WHAT THE EXERCISE ASKS: Reproduce every line below exactly as written; do not include the images.

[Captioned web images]
------------------------------

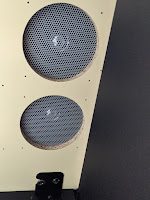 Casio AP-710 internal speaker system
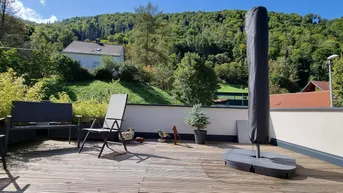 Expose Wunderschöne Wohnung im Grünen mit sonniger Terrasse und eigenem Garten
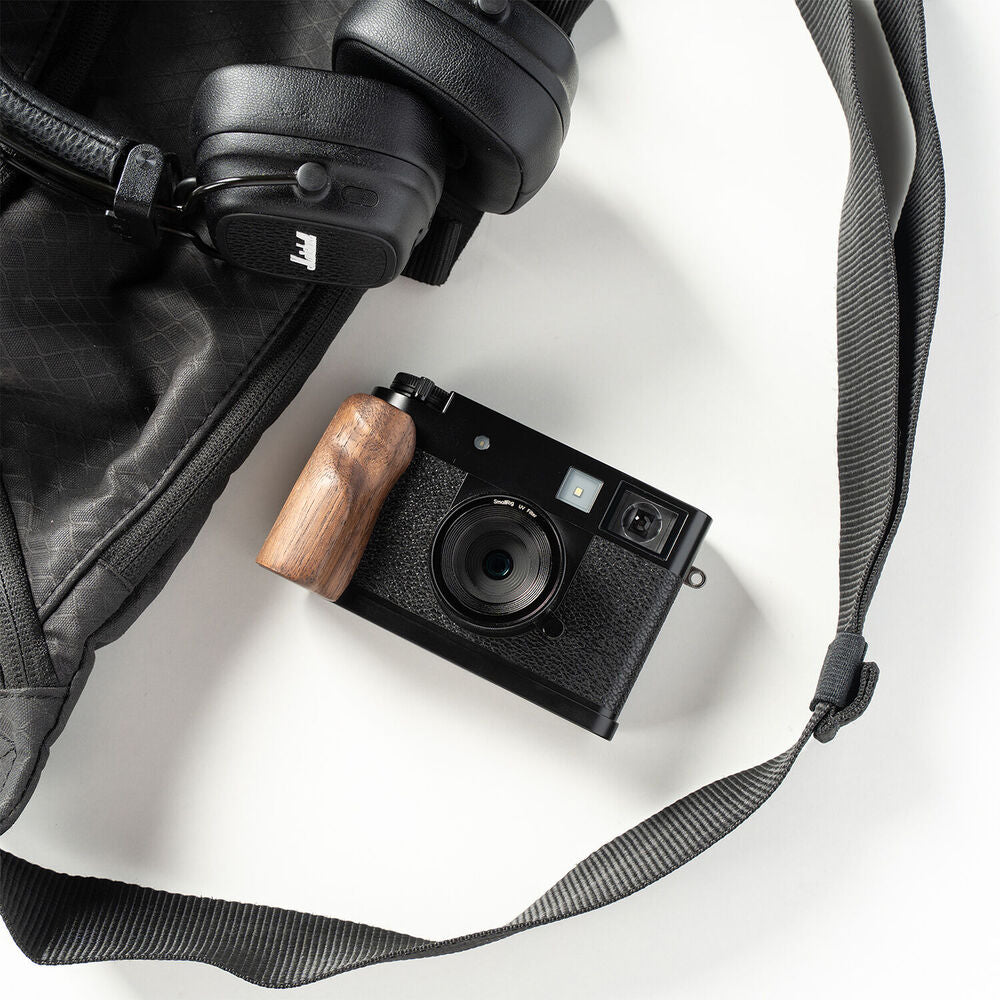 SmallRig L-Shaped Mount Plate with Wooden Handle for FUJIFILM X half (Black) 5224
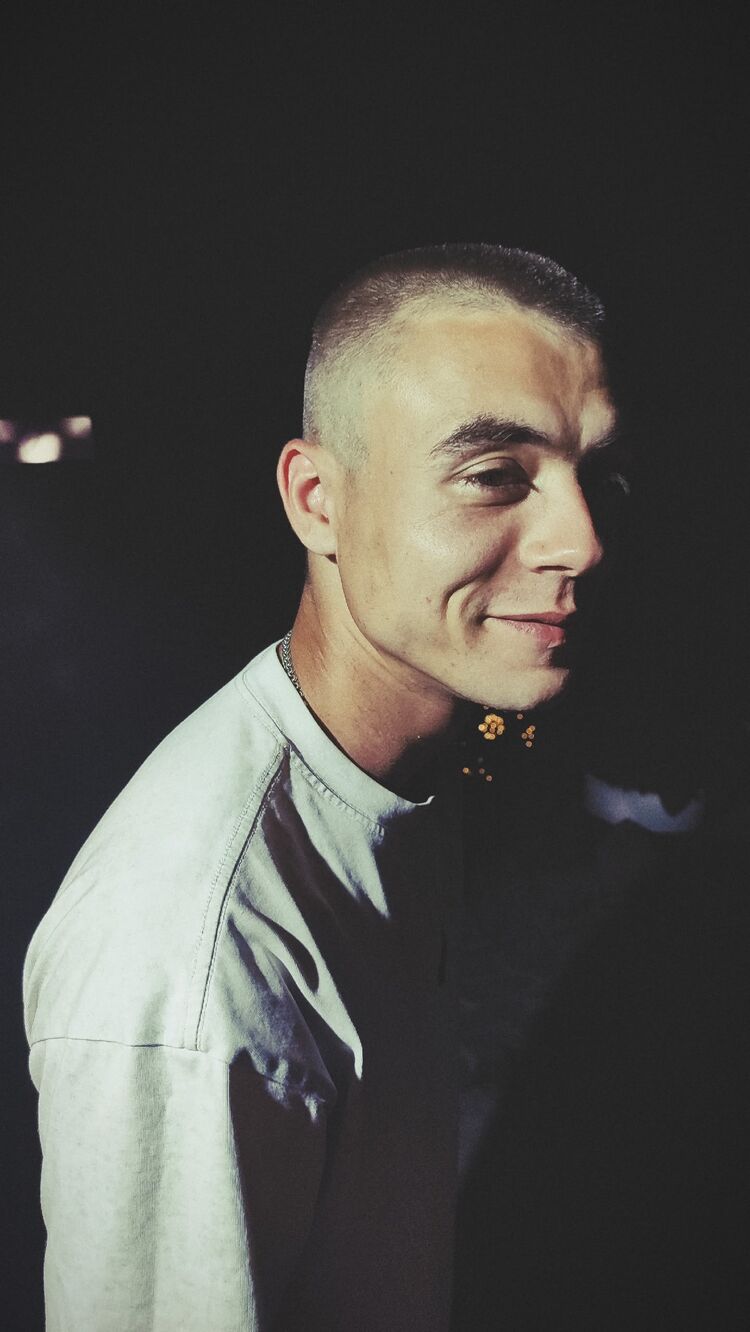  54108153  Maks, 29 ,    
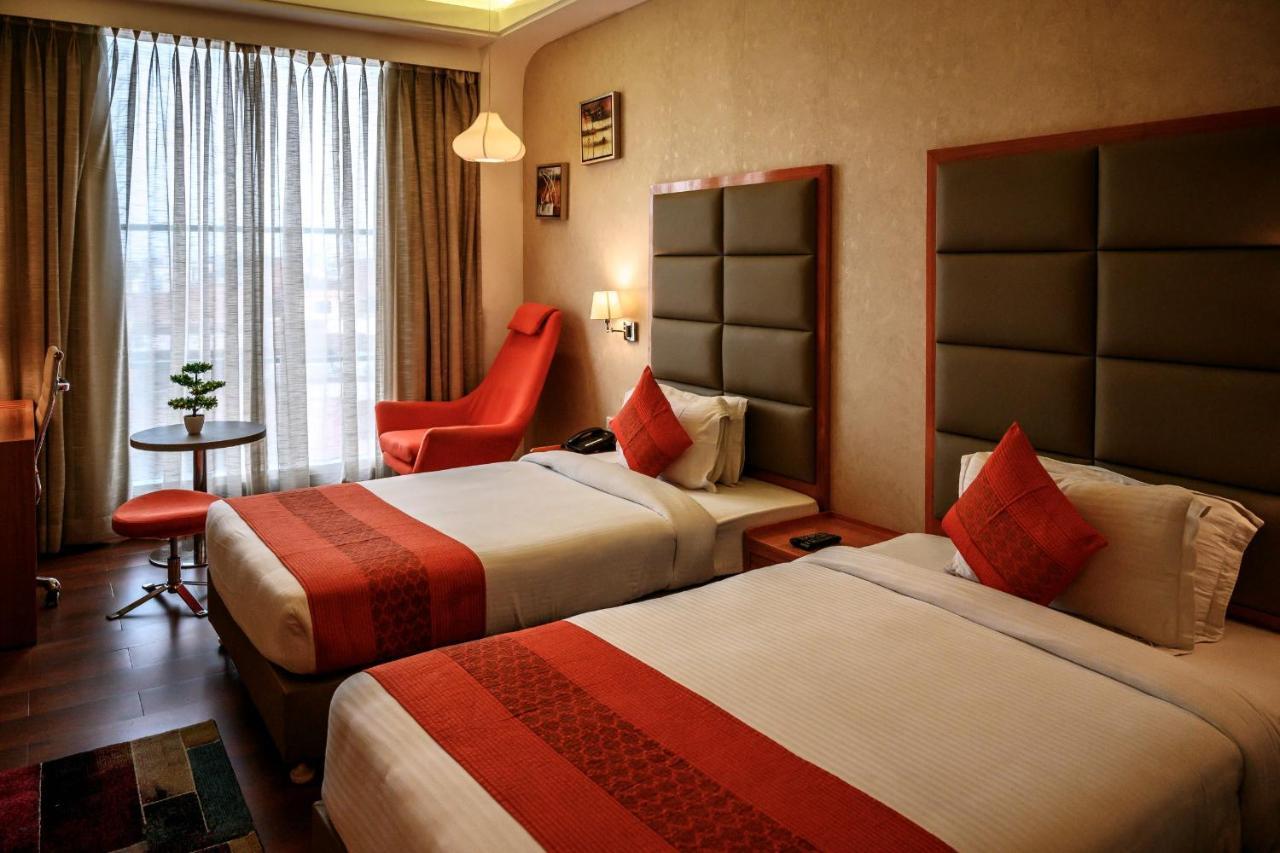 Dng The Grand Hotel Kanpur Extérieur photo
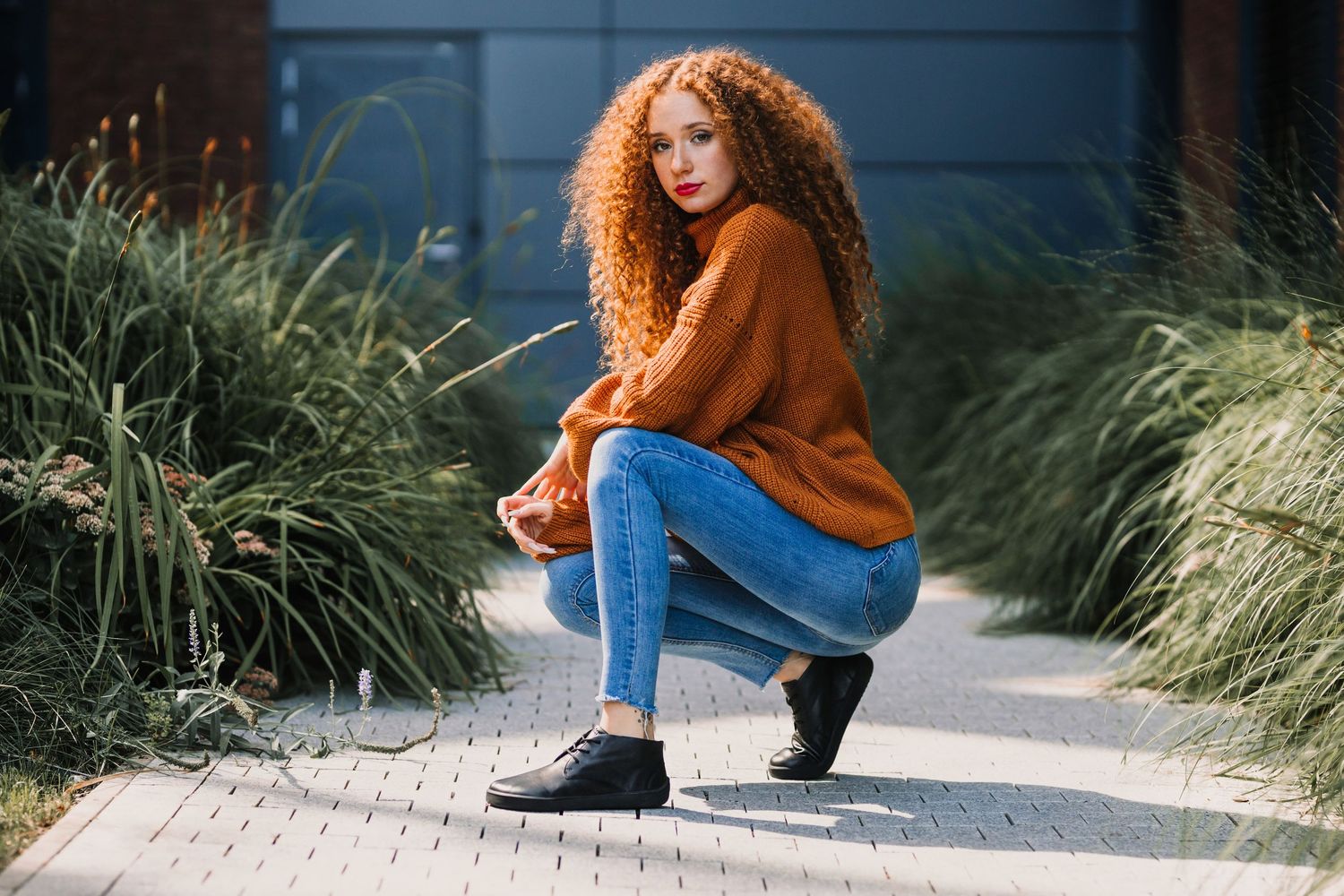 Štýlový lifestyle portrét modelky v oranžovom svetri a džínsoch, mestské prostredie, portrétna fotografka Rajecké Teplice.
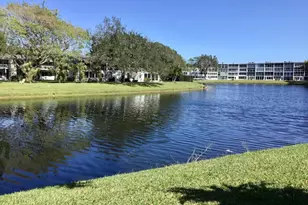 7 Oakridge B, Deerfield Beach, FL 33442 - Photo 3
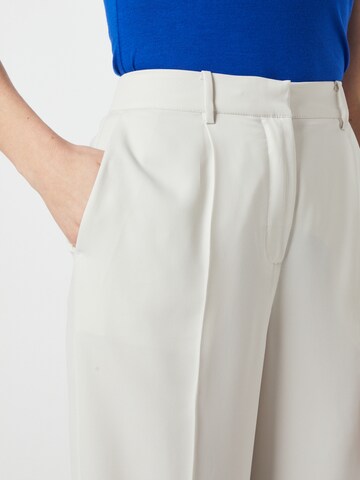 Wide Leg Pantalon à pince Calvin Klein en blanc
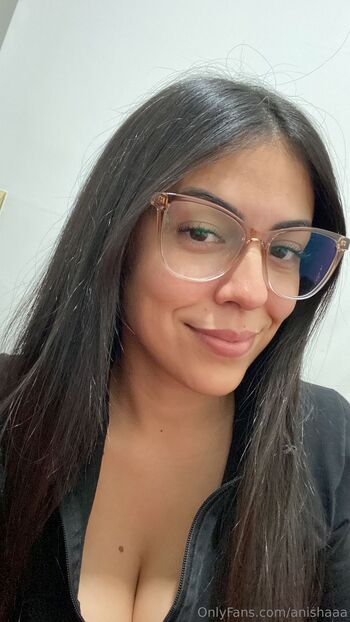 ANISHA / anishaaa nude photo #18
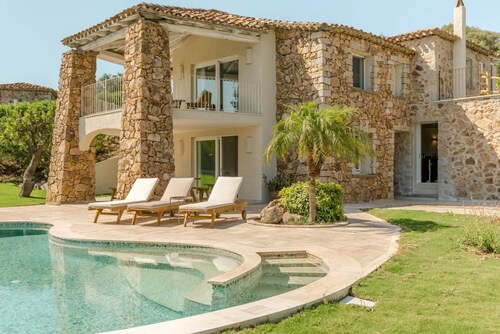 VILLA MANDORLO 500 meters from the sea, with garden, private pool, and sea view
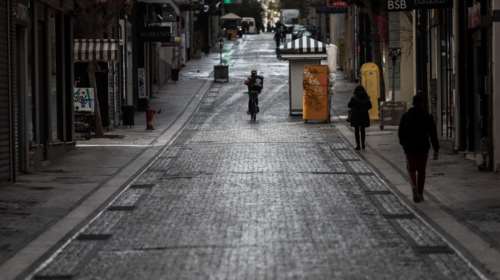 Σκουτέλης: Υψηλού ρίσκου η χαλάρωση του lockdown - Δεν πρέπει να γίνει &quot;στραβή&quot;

------------------------------

REPLY:
 Casio AP-710 internal speaker system
 Expose Wunderschöne Wohnung im Grünen mit sonniger Terrasse und eigenem Garten
 SmallRig L-Shaped Mount Plate with Wooden Handle for FUJIFILM X half (Black) 5224
  54108153  Maks, 29 ,    
 Dng The Grand Hotel Kanpur Extérieur photo
 Štýlový lifestyle portrét modelky v oranžovom svetri a džínsoch, mestské prostredie, portrétna fotografka Rajecké Teplice.
 7 Oakridge B, Deerfield Beach, FL 33442 - Photo 3
 Wide Leg Pantalon à pince Calvin Klein en blanc
 ANISHA / anishaaa nude photo #18
 VILLA MANDORLO 500 meters from the sea, with garden, private pool, and sea view
 Σκουτέλης: Υψηλού ρίσκου η χαλάρωση του lockdown - Δεν πρέπει να γίνει &quot;στραβή&quot;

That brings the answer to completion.